Food Distributors: Death of Ergo Rule Saves Jobs

March 16, 2001
Recent Congressional action killing OSHA's ergonomics regulation will save food distributors billions of dollars, according to Food Distributors International (FDI).

Recent Congressional action killing OSHA''s ergonomics regulation will save food distributors billions of dollars and allow many distribution centers to remain in operation, according to Food Distributors International (FDI).

The ergonomics rule would have required employers to reconfigure their workplaces in order to reduce ergonomics-related injuries.

A study by FDI estimated it would cost food distributors alone as much as $22 billion to comply.

OSHA estimated the cost to all employers nationwide would be $4.5 billion.

"The action by Congress illustrates the absolute importance of involvement by organizations such as FDI and of individual business people themselves," said Kevin Burke, FDI vice president of governmental relations. "We were out front from the beginning on this issue. We helped organize a coalition of other organizations to defeat it. And our members backed us up with the every day, real-life workplace impact information that it took to help congressmen and senators see reason."

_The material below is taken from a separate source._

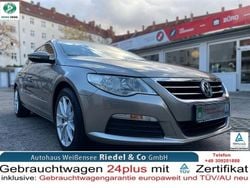 Braun Gebraucht 2011 VW CC Limousine | 13.790 € (Teuer)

One FDI member estimated that it would costs $52 million to reconfigure his company to comply with the rule broken down by the following requirements:

  • Restricting the use of storage locations below the knee and above the shoulder and the handling of cases of more than 25 pound more than 25 times per day. This would require an additional 420 square feet of capacity, require 126 additional lift operators, 17.4 selectors as well as the purchase of six lift trucks and nine pallet jacks. Cost: $38,549,471.
  • Restricting placement in the back of pallets so employees don''t have to reach. A pallet-turning program would be needed, requiring 20 more lift truck operators and 10 more lift trucks. Cost. $1,085,187.

"FDI member companies already provide sensible and workable protections for their employees," said FDI President John Block. "We don''t need the government telling us how high to put our shelves or how many times a case can be lifted. Our members know what they must do to keep their employees healthy and on-the-job. And when there are injuries, they know they have to pay workers'' compensation."

Burke said the rules made "absolutely no sense" and would have provided "dubious benefits at an incredible cost." It was an example, he added, of "bureaucratic mistrust of business and the idea that the government is the sole source of wisdom."

FDI has been in the battle against the regulation since it was first initiated, and more than a year ago commissioned Prime Consulting, Bannockburn, Ill., to conduct a detailed study of the estimated cost that would be imposed.

That report said the cost could reach as much as $22 billion if companies had to reconfigure warehouses to comply.